Fast 150.000 Euro ist eine einzige Top-Taube wert, die Anfang Januar gestohlen wurde. Was an den Tieren so fasziniert, erläutert Rüdiger Menzel (71).

Foto: Sergej Lepke

Düsseldorf. Brieftauben werden schneller durch Liebe und Fürsorge, sagt Rüger Menzel. Der 71-jährige Züchter aus Gerresheim schmunzelt dabei, als verrate er einen Trick, den man eh nicht nachmachen kann, auch wenn man ihn kennt: „Tauben fliegen auf ihren Schlag und auf ihre Partner. Und sie fliegen auf den Menschen, der sie hält.“

Schnelle Brieftauben aber werden sehr wertvoll. 150 000 Euro soll ein einzelnes Tier kosten, das Anfang Januar aus dem Schlag eines Unterbacher Züchterkollegen Menzels gestohlen wurde.

Für ihn sei Taubenhalten wie eine Sucht, sagt Menzel, der früher Bankkaufmann war. Zu den Tieren sei er schon als Junge gekommen, Mitte der 1950er Jahre. Der Großvater habe Tauben für die Küche gehalten. Menzel: „Ich hab’ an der Regenrinne eine Brieftaube gefangen. Das war der Anfang.“

Mit Schulkameraden habe er später seine Tauben per Fahrrad vom Haus weg gefahren, um sie fliegen zu lassen. Der Düsseldorfer Züchter-Verein fährt für die Flüge in Spezial-Lkw an die Auflass-Stellen. Das fange in Gummersbach an und gehe bis nach Österreich hinein, sagt Menzel. Mit Tempo 70 oder 80 fliegen die Tiere heim, umrunden örtliche Gewitter und halten auch mal zehn Stunden am Stück durch. Die Flugzeit wird elektronisch gestoppt; überregionale Meisterschaften sind hoch dotiert.

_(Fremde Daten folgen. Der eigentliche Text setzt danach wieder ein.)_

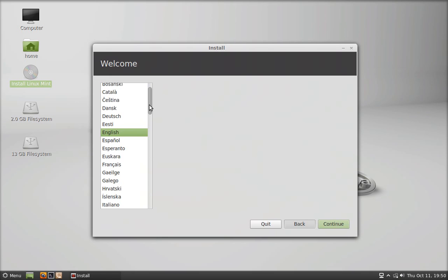Double-click or right-click and open 'Install Linux Mint' so that you get the installation screen. You choose your language preference, then click Continue.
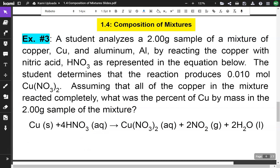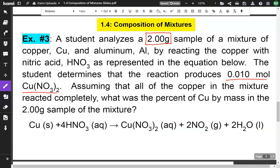Let's take a look at our third example. A student analyzes a 2-gram sample of a mixture of copper and aluminum by reacting the copper with nitric acid. The student determines that the reaction produces 0.01 moles of copper nitrate. Assuming all the copper reacted completely, what was the percent of copper by mass in the 2-gram sample?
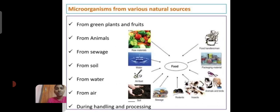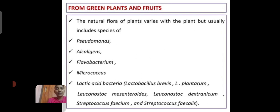The sources of microorganisms come from various natural sources: from green plants and fruits, from animals, from sewage, from soil, from water, from air, and during handling and processing.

„Es ist das gegeneinander Antreten, das die Faszination ausmacht“, sagt Menzel. Früher hätten die Fans auf ihre Tiere Geld gesetzt. Das gebe es jetzt nicht mehr. Es klingt bedauernd.

Menzel hält 63 Tauben in einem ausgebauten Gartenschuppen am Stadtrand. Und sie würden „ziemlich weit oben“ in der Liste des Vereins geführt. Wer nach dem ersten Blick denkt, die seien ebenso grau wie die Exemplare vom Bahnhof, dem erläutert er geduldig die Details: Das saubere, glänzende Gefieder, die lebhaften Augen — Zeichen für Pflege.

Jeden Morgen um Acht schaut Menzel zum ersten Mal nach dem Rechten. Es gebe immer was zu tun, erläutert der 71-Jährige. Füttern, Reinigen; die Rücksprache mit einem Tierarzt gehöre auch dazu. Die Familie habe sich an den hohen Zeitbedarf gewöhnt. Der sei aber wohl der Grund, warum die Züchter weniger werden: „Die jungen Leute interessieren sich mehr für Technik.“ Und auch das klingt bedauernd.